Scottish Opera: Falstaff
- Carol Main
- 8 May 2008
Theatre Royal, Glasgow, Tue 13, Thu 15, Sat 17, Wed 21 & Sat 24 May; Festival Theatre, Edinburgh, Wed 18, Sat 21, Thu 26 & Sat 28 Jun
Long before any government directives on obesity, Shakespeare’s Sir John Falstaff knew all about the challenges of being overweight. Tricked, for their own amusement, by the merry wives of Windsor, he is ridiculed, thrown into the Thames in an extra-large laundry basket and, finally, subjected to humiliation by the whole town. Perfect material for Shakespearean comedy and just right for an opera or two.
Salieri, Nicolai and Vaughan Williams have all turned to Falstaff for inspiration, but it is Verdi’s version, his last opera, that Scottish Opera have chosen for a new production directed by Dominic Hill. It is, of course, not just because Falstaff is fat that such an unfortunate fate befalls him. He is an egotistical buffoon who needs to be taught a lesson. ‘It’s a fantastic piece,’ says Hill, who is one of Scotland’s leading theatre directors, but making his debut with full scale opera. ‘It has energy, joy and is a celebration of life, although its moments of profundity and reflection come through strongly too.’
While the play was written in the late 1500s, Verdi’s music is from 300 years later. ‘It is very much of the 19th century, so we have set it when it was written, with what we hope is a gutsy, earthy feel,’ says Hill.

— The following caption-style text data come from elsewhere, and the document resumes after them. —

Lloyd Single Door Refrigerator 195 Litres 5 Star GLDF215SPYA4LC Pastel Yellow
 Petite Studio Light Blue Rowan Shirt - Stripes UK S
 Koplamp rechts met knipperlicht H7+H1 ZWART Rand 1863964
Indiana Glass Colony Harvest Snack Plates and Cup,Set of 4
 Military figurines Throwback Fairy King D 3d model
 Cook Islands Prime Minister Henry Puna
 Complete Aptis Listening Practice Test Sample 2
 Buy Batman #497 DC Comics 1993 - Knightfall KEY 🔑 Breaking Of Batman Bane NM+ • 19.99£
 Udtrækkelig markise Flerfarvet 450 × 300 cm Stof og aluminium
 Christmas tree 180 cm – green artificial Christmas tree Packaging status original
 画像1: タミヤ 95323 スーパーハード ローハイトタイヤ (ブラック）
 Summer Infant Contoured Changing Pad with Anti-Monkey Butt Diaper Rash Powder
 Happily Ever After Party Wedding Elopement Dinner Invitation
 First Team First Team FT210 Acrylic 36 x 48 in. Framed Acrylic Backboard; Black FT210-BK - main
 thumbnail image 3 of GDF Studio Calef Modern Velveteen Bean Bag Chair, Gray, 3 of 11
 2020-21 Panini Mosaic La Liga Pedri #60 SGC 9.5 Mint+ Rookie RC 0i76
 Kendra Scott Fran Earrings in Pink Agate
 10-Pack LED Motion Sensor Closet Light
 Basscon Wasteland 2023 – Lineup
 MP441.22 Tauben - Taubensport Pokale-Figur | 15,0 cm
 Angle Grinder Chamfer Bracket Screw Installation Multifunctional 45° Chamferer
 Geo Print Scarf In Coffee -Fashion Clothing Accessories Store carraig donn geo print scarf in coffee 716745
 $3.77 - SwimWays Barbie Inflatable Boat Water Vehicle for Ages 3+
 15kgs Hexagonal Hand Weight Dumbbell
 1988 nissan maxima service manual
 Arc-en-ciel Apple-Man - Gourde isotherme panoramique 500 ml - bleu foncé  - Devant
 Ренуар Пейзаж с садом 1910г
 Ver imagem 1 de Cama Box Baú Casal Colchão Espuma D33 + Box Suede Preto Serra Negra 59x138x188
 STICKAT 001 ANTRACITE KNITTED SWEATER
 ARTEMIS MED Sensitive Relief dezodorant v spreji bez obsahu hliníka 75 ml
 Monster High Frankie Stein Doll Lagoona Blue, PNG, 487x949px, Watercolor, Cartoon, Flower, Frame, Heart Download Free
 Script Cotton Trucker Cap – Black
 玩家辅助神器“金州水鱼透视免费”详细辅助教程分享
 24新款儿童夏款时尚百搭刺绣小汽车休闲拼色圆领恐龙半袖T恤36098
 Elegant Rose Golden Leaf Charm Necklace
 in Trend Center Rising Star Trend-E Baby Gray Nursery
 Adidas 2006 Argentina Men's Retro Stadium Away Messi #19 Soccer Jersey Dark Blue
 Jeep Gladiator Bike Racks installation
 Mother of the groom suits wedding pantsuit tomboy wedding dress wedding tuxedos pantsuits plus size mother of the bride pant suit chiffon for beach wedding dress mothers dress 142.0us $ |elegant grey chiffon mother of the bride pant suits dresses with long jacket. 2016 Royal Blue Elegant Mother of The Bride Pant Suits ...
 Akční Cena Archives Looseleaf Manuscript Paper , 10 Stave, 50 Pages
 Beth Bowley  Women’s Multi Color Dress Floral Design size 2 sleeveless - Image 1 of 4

Its themes, however, could be of anytime. ‘I think the things it’s about are completely universal and timeless in terms of human behaviour.’
Examining two main themes of the time, namely the emergence of the middle class and the liberation of women, Hill’s Falstaff is also a celebration. ‘It was a time when women were liberated from the drudgery of endless childbirth and found for the first time some sort of independence. We are emphasising their sassiness, sexiness and wit in contrast with the absolutely ludicrous way men behave. They are smart, fun-loving and much more intelligent.’ Now, what was that earlier comment about timeless human behaviour?